TASK: Compute how many lines in the data below contain "image"; answer only with that number.

RECORDS:
☆ ☆ ☆

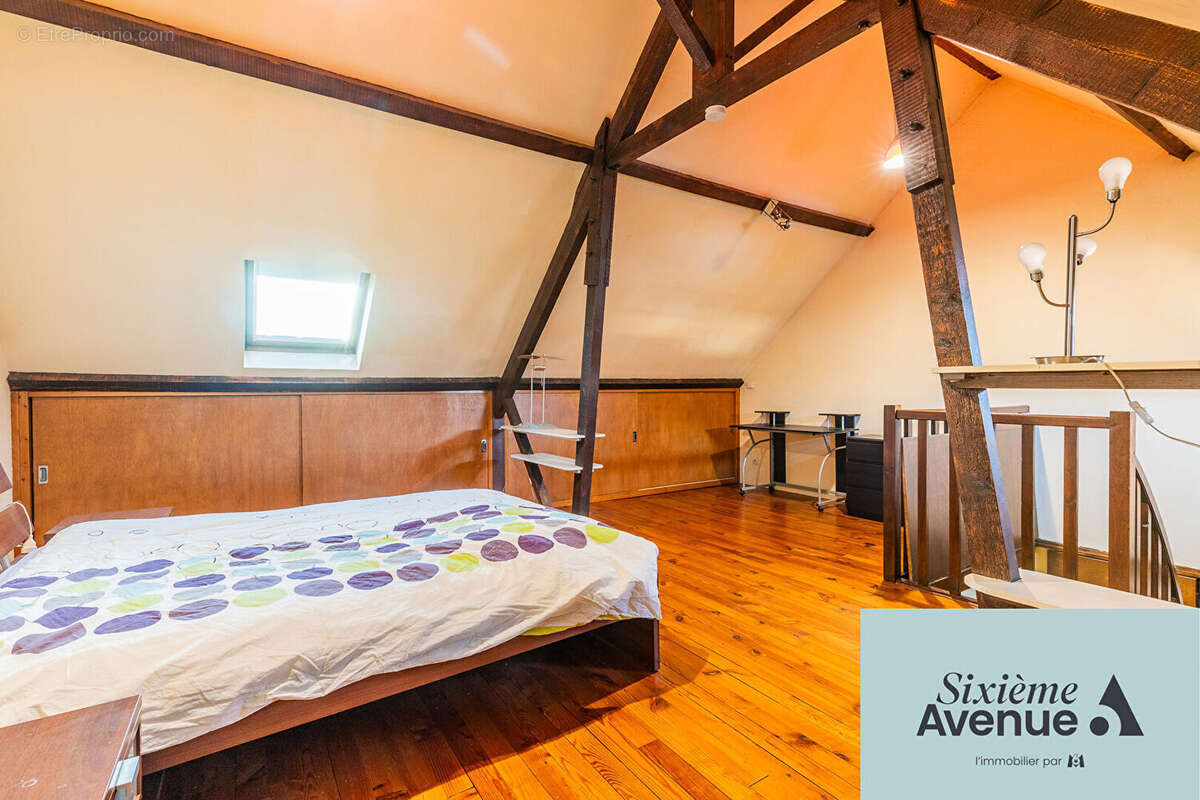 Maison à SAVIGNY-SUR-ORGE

☆ ☆ ☆

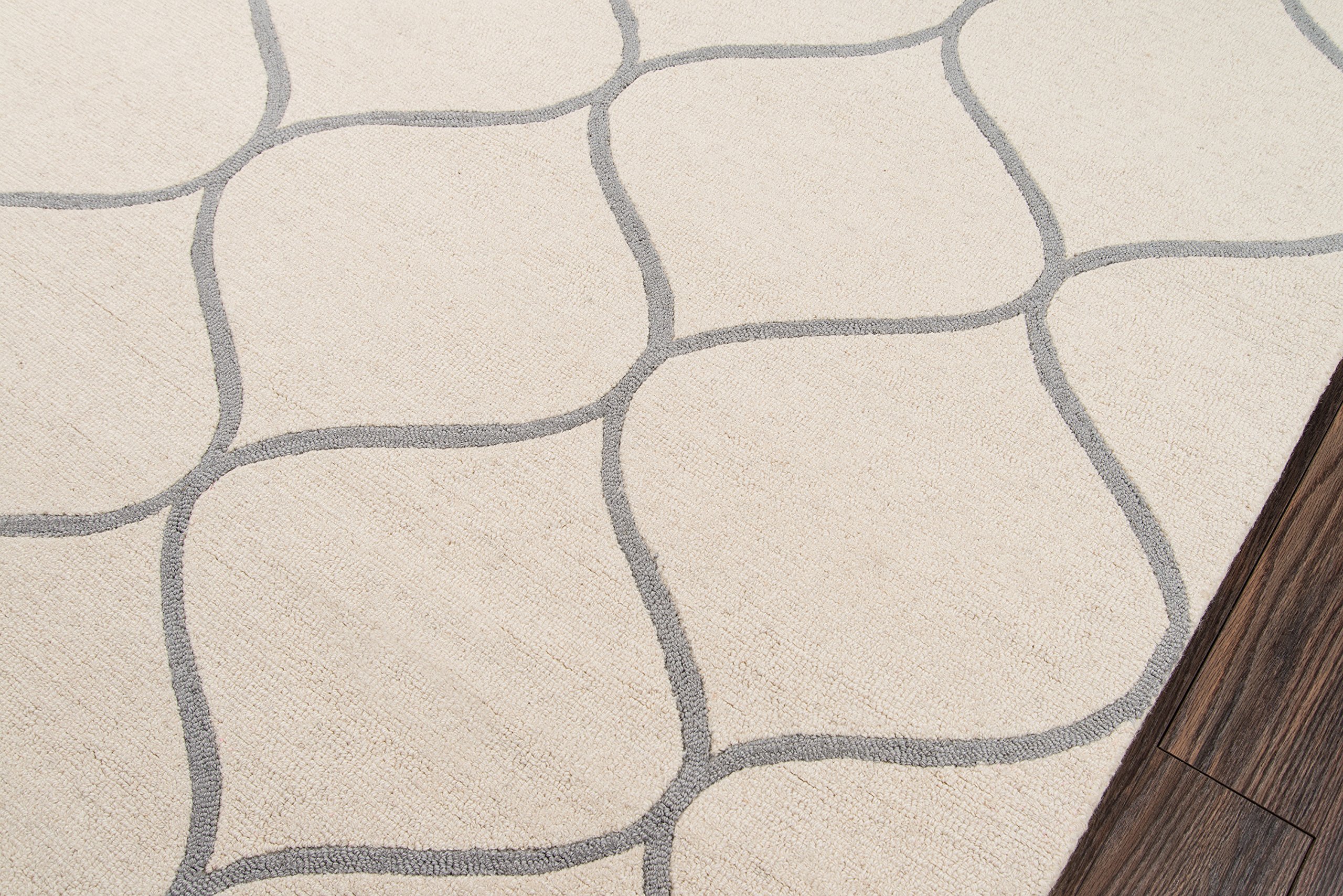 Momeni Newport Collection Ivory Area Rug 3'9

☆ ☆ ☆

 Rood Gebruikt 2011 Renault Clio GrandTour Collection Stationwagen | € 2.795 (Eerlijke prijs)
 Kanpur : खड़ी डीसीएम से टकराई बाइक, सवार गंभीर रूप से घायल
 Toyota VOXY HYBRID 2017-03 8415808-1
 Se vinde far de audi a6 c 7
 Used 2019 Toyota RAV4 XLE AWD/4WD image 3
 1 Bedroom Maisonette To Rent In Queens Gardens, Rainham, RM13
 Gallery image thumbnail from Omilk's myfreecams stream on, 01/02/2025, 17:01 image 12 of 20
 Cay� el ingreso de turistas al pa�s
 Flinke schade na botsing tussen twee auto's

☆ ☆ ☆

ANSWER TO THE PROBLEM: 2